Haberin İngilizcesi için tıklayın
2012'de ilk olarak Aydınlık gazetesi tarafından gündeme getirilen ve daha sonra "AKP'nin paramiliter gücü olduğu" ve "Suriye'deki muhalif grupları SADAT eğitiyor" şeklindeki haberlerle çok kez basında yer alan SADAT (Uluslararası Savunma Danışmanlık İnşaat Sanayi ve Ticaret A.Ş.) Sedat Peker'in yayınladığı 8. video ile tekrar gündemde.
Peker, SADAT'ın El Nusra'ya yardım ettiğini belirterek, "Bunlar el Nusracı' dedi. Bizim diğer arkadaşlar da 'Bu gidenler el Nusra'ya gidiyor' dediler. Evet, benim üzerimden gidiyor. Samimi söylüyorum. Ama ben yollamadım, SADAT'çılar yolladı" dedi.
Peki, daha önce de çok kez gündeme gelen SADAT nedir, niçin kurul, ne yapar? SADAT'ın kuruluşunu, faaliyetlerini ve hakkındaki iddiaları derledik.
TIKLAYIN-"SADAT benim üzerimden Nusra'ya silah gönderdi"
SADAT nedir: Uluslararası Savunma Danışmanlık İnşaat Sanayi ve Ticaret A.Ş. veya SADAT A.Ş., Türkiye merkezli bir askeri danışmanlık şirketidir. 28 Şubat 2012 tarihinde emekli Tuğgeneral Adnan Tanrıverdi tarafından kuruldu.
Şirketin belirttiği misyon "Silahlı Kuvvetlerin ve İç Güvenlik Güçlerinin organizasyonu, iç güvenlik ve savunma alanında stratejik danışmanlık, iç güvenlik ve askeri eğitim ile donatım alanlarında hizmet vererek, İslam Ülkeleri arasında savunma ve savunma sanayi işbirliği ortamı oluşturmayı ve İslam Dünyasının kendine yeterli bir askeri güç olarak da Dünya Süper Güçleri arasındaki hak ettiği yerini almasına yardımcı olmaktır."
Ne yapıyor: Uluslararası alanda askeri ve iç eğitim, savunma danışmanlığı ve mühimmat alımı gibi hizmetler sunduğunu ifade ediyor.

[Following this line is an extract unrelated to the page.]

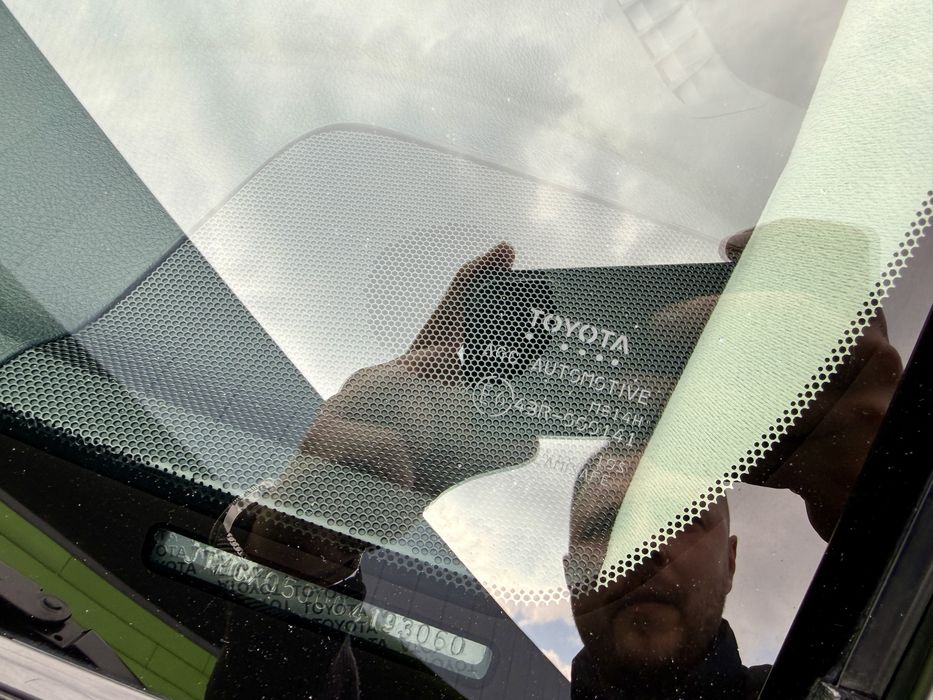 Toyota Land Cruiser 200 4.6 AT 2019 Official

Şirketin, kursları arasında "Gayri Nizamı Harp (kontrgerilla)" ve "Keskin Nişancılık" gibi başlıklar da dikkat çekiyor. "Kara Harekatı", "Keskin Nişancılık", "Koruma", "Tahrip", "Gayri Nizami Harp", "İleri Tek Er Muharebe", "Topçu ve Havan İleri Gözetleyicilik", "Tank / Zırhlı Araç Avcılığı" gibi eğitim paketleri bulunuyor.
Kimler yer alıyor: Şirket, çeşitli branş ve uzmanlık alanlarından 50 ila 200 emekli TSK görevlisi çalıştırıyor.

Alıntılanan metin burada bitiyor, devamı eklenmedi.